- _Provided records_:
________________________________________

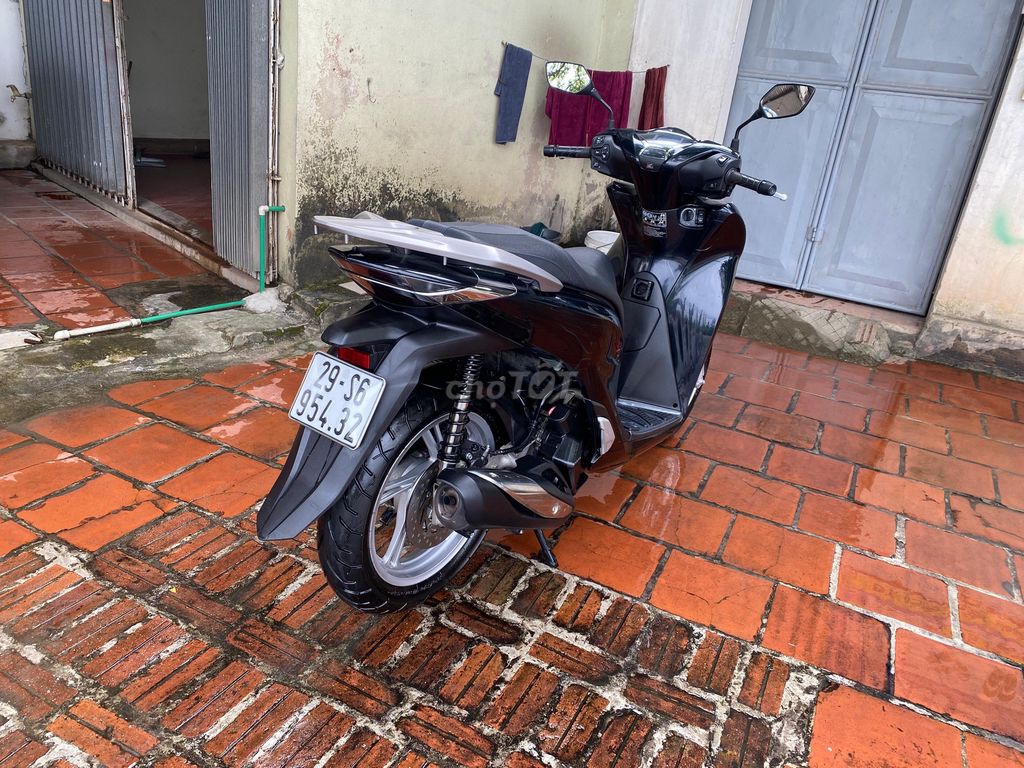 Bán SH125i CBS 2022 màu đen - người dùng. Mua bán Xe máy tại Huyện Sóc Sơn Hà Nội được đăng bởi Vũ Văn Trường hình 4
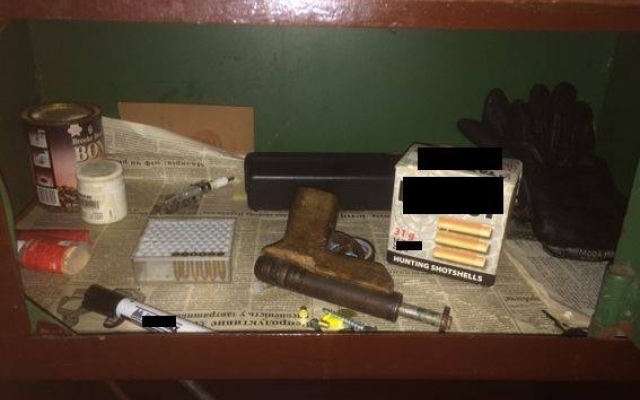 Полиция изъяла 12 гранат и два кило взрывчатки у мирного населения на Николаевщине Фото № 0 Полиция изъяла 12 гранат и два кило взрывчатки у мирного населения на Николаевщине Фото № 0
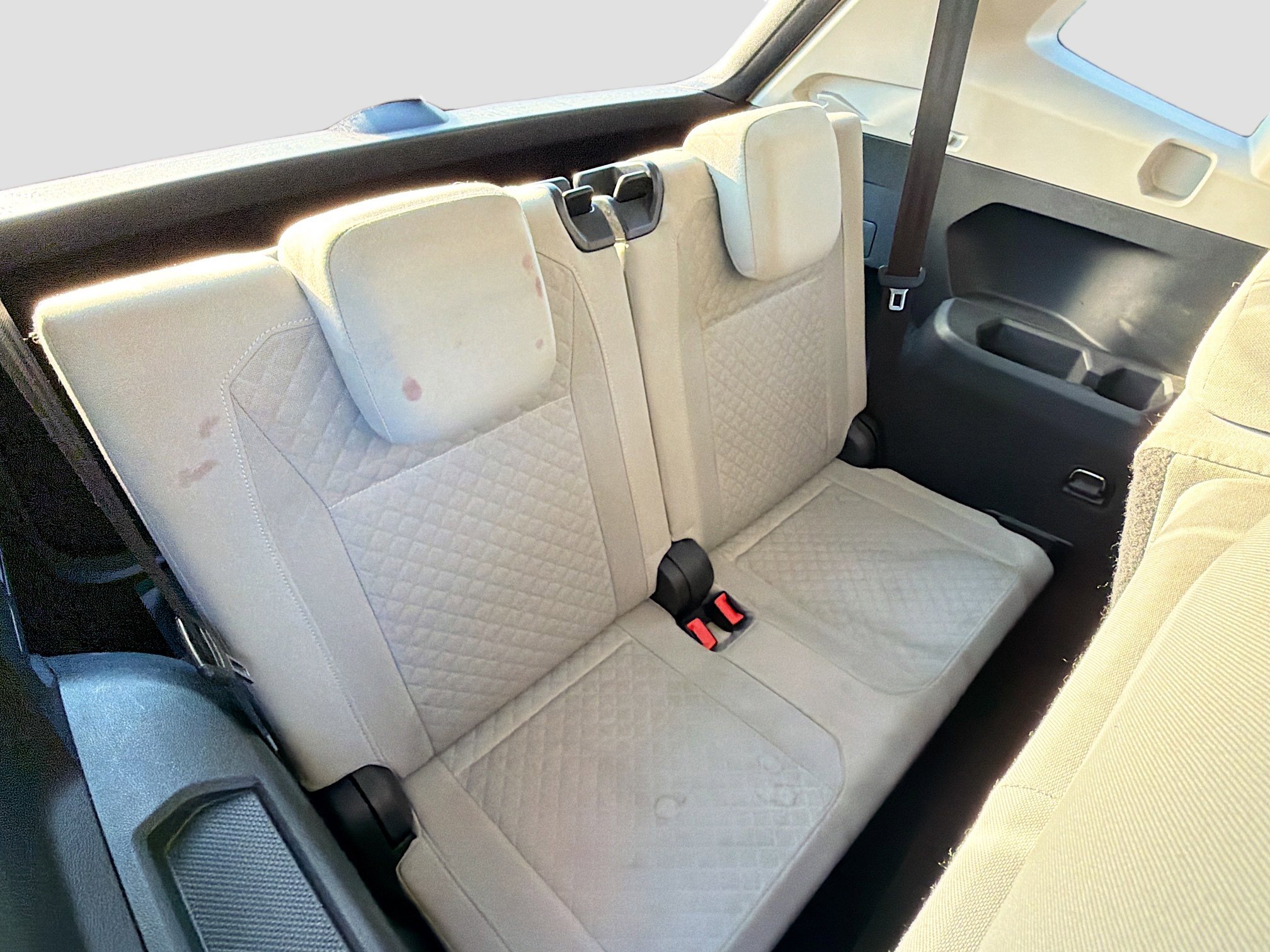 Used 2020 Volkswagen Tiguan S image 18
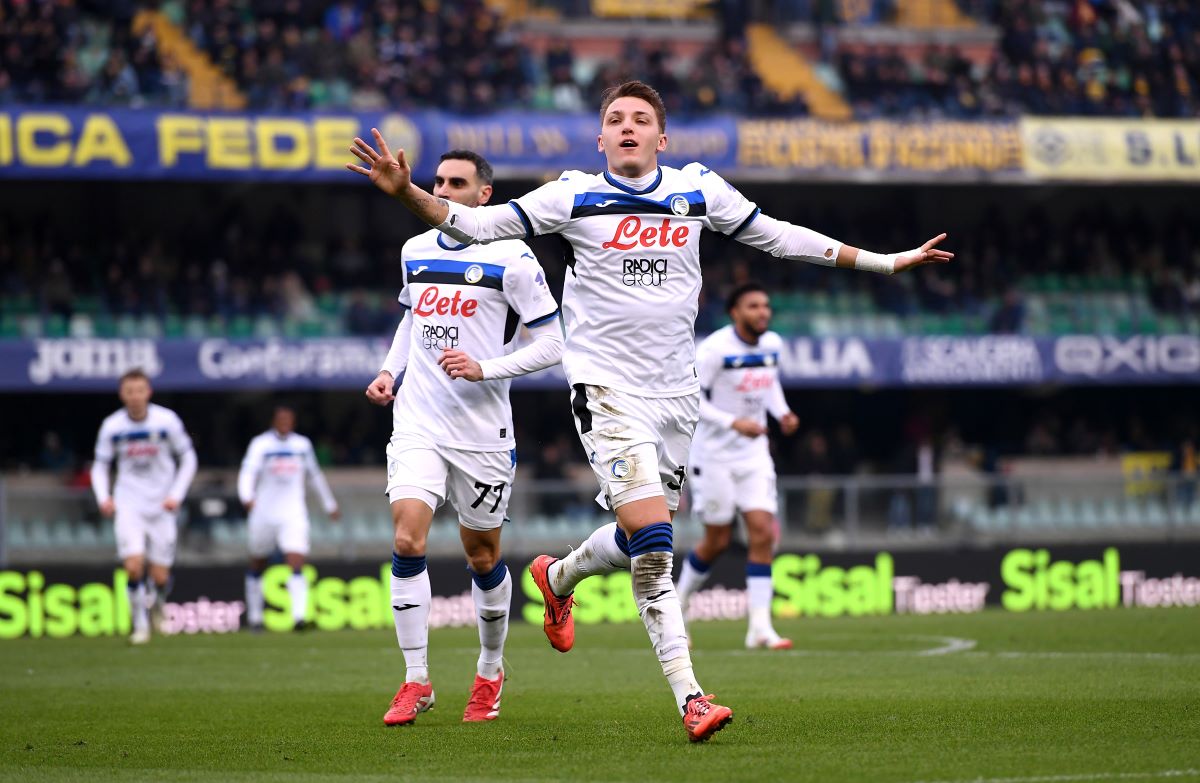 VERONA, ITALY - FEBRUARY 08: Mateo Retegui of Atalanta celebrates scoring his team's fifth goal during the Serie A match between Verona and Atalanta at Stadio Marcantonio Bentegodi on February 08, 2025 in Verona, Italy. (Photo by Alessandro Sabattini/Getty Images) VERONA, ITALY - FEBRUARY 08: Mateo Retegui of Atalanta celebrates scoring his team's fifth goal during the Serie A match between Verona and Atalanta at Stadio Marcantonio Bentegodi on February 08, 2025 in Verona, Italy. (Photo by Alessandro Sabattini/Getty Images)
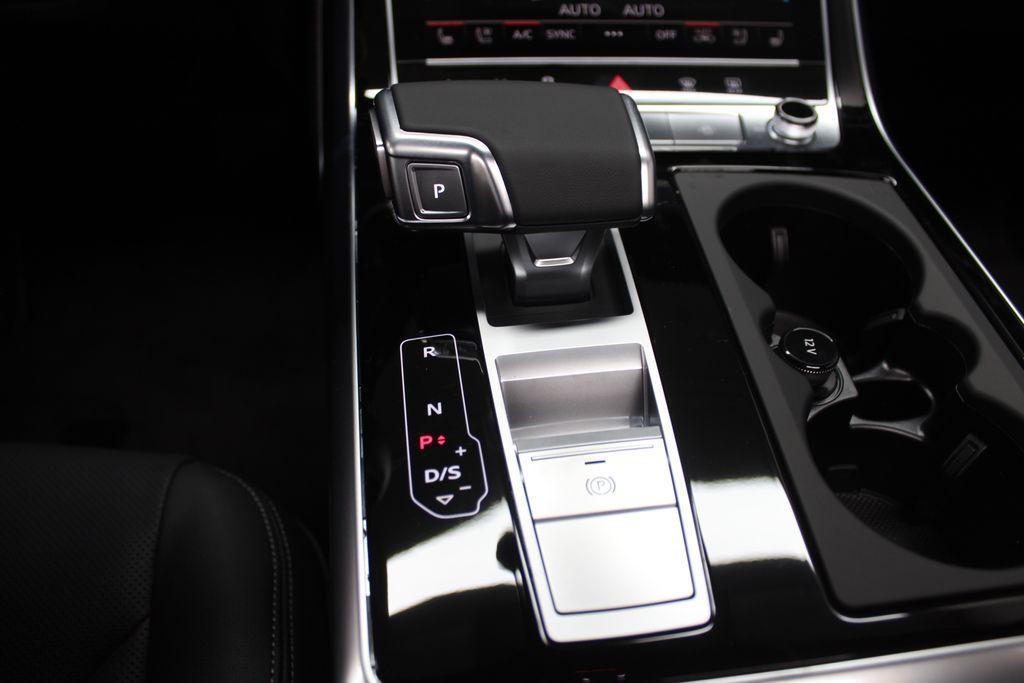 new 2026 Audi Q7 car, priced at $78,445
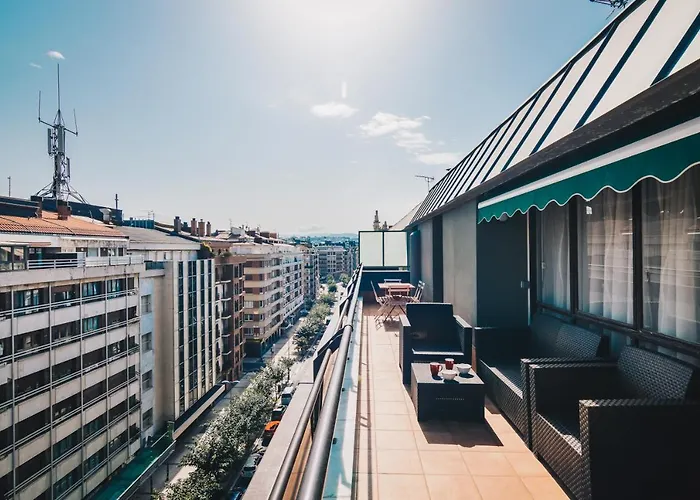 Sunset By People * 圣塞瓦斯蒂安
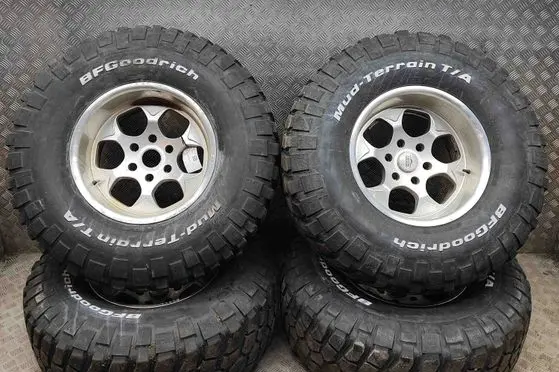 Toyota Hilux (AN10, AN20, AN30) R17 alloy rim 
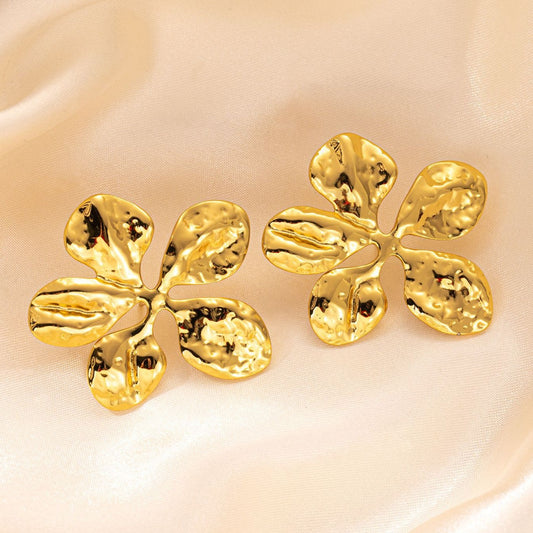 Women's Hot Titanium Steel Retro High-grade Flower Earrings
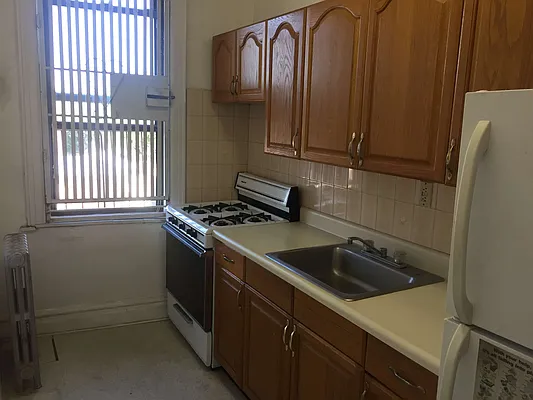 Rented by Metroline Realty | media 24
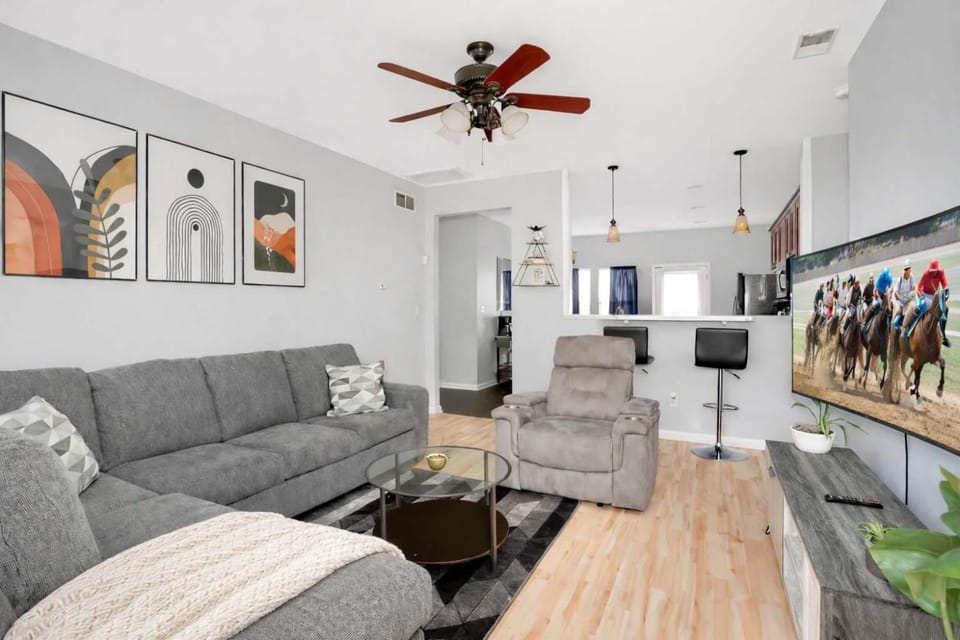 Spacious Family Retreat - Churchill Downs & Downtown House in Jefferson County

________________________________________

The records must be copied with no word altered, and without their pictures.

- _Reply_:
 Bán SH125i CBS 2022 màu đen - người dùng. Mua bán Xe máy tại Huyện Sóc Sơn Hà Nội được đăng bởi Vũ Văn Trường hình 4
 Полиция изъяла 12 гранат и два кило взрывчатки у мирного населения на Николаевщине Фото № 0 Полиция изъяла 12 гранат и два кило взрывчатки у мирного населения на Николаевщине Фото № 0
 Used 2020 Volkswagen Tiguan S image 18
 VERONA, ITALY - FEBRUARY 08: Mateo Retegui of Atalanta celebrates scoring his team's fifth goal during the Serie A match between Verona and Atalanta at Stadio Marcantonio Bentegodi on February 08, 2025 in Verona, Italy. (Photo by Alessandro Sabattini/Getty Images) VERONA, ITALY - FEBRUARY 08: Mateo Retegui of Atalanta celebrates scoring his team's fifth goal during the Serie A match between Verona and Atalanta at Stadio Marcantonio Bentegodi on February 08, 2025 in Verona, Italy. (Photo by Alessandro Sabattini/Getty Images)
 new 2026 Audi Q7 car, priced at $78,445
 Sunset By People * 圣塞瓦斯蒂安
 Toyota Hilux (AN10, AN20, AN30) R17 alloy rim 
 Women's Hot Titanium Steel Retro High-grade Flower Earrings
 Rented by Metroline Realty | media 24
 Spacious Family Retreat - Churchill Downs & Downtown House in Jefferson County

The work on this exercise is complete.